While working on a product analysis for the recently launched EMC VNX multiprotocol storage systems, I picked up on something I’ve also seen in other recent vendor presentations.
I’m seeing the word host commonly used to refer to the computing element that storage connects to, either directly or through a SAN. The word host takes me back to the mainframe terminology that has been around for so long.
The mainframe world has an entire lexicon of terms that are different than those used in the open systems world. A while back I made a list that translated the terms between mainframe and open systems for a storage systems class I was teaching. That list became popular and many people asked for a copy (if you would like a copy, send an email to email@example.com).
In open systems, people used the term servers instead of hosts. Now I’m seeing vendors use the term host in documentation and presentations for open systems. There are two reasons for this:
First, vendors generally define a host as a server running an application.
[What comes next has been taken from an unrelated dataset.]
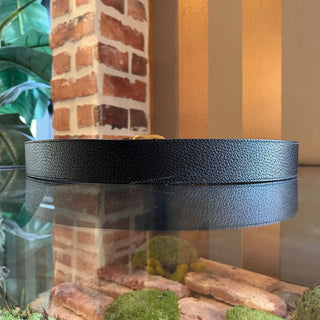 GUCCI GG Marmont Wide Black Leather Belt SZ 100/40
This seems to be the most common sense definition. Second, the word server is really getting a broader meaning today. There are a number of reasons for this, specifically in the storage systems world.
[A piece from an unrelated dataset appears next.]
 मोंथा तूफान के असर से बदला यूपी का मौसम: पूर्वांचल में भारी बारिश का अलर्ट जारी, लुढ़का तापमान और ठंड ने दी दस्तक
With many storage solutions today, the storage function is really an application running on a standard server. It is a special application, usually with specific hardware requirements. It is often referred to as a server with the storage application. These systems may be characterized as appliances or even a software package that can be deployed on a server. This usage clouds the meaning of the term server, and requires a further explanation to determine which server is being referred to.
The standard client/server model that once defined open systems may no longer easily map to the definitions used where a server is running an application and has storage attached to the server. So when referring to a server running an application and storage that is critical to the operation, the term host can make it clearer. And, I suspect, that’s the main reason we’re seeing the term used that way so often now.
(Randy Kerns is Senior Strategist at Evaluator Group, an IT analyst firm).